Better weather, hiring of temporary government workers and a growing economy
may bring the biggest job increases since March 2006, said David Greenlaw,
chief fixed-income economist at Morgan Stanley in New York. The rise would be
the second since President Barack Obama took office in January 2009.
February payrolls dropped by 36,000, the Labor Department reported last week,
depressed in part by East Coast snowstorms that closed many businesses.
Excluding the effects of the weather and the hiring of government workers to
conduct the 2010 Census, payrolls would have climbed by about 100,000,
Greenlaw said today in a Bloomberg Radio interview.
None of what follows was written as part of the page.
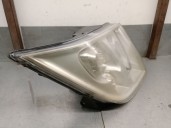 Recambio de faro derecho para ford transit caja cerrada ´06 2.4 tdci cat referencia OEM IAM 6C1113W030DC 6C1113W030DC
“If you get a plus 100,000 number again in March, then you’d be
talking about a headline reading of a little bit better than 300,000 when you
factor in the weather bounce-back and the census effect,” he said.
Mish
Comment:
Hello Greenlaw - Is the headline all this is important? Does the fact that
all of these jobs will vanish by June mean anything?
The
February drop in payrolls was smaller than the 68,000 median decline forecast
by economists surveyed by Bloomberg News before the March 5 report. The
jobless rate, which hasn’t increased since October, held at 9.7
percent, even as more people entered the workforce.
Mish
Comment:
Go figure. Bernanke trumped up the affect of snow and economists upped their
job loss estimates to ridiculous levels, some over 200,000. I called this in
advance, as the above links show.
“We
expect a sharp snapback in March payrolls as well,” said Dean Maki,
chief U.S. economist at Barclays Capital Inc. in New York, the most accurate
forecaster in a Bloomberg News survey in December. He didn’t give a
specific estimate.
Jan Hatzius, chief U.S. economist at Goldman Sachs Group Inc. in New York,
said in a March 6 e-mail to customers that he anticipates payrolls this month
will climb by about 275,000. About 50,000 of that represents the
“underlying trend” in employment, he said, with about 100,000
attributable to the weather and another 125,000 to the census.
Mish
Comment:
Even after analysis shows that snow had no effect, economists are attributing
100,000 jobs to snow.
Joseph
LaVorgna is more upbeat about the employment outlook, anticipating payroll
gains averaging about 300,000 for the next three to four months.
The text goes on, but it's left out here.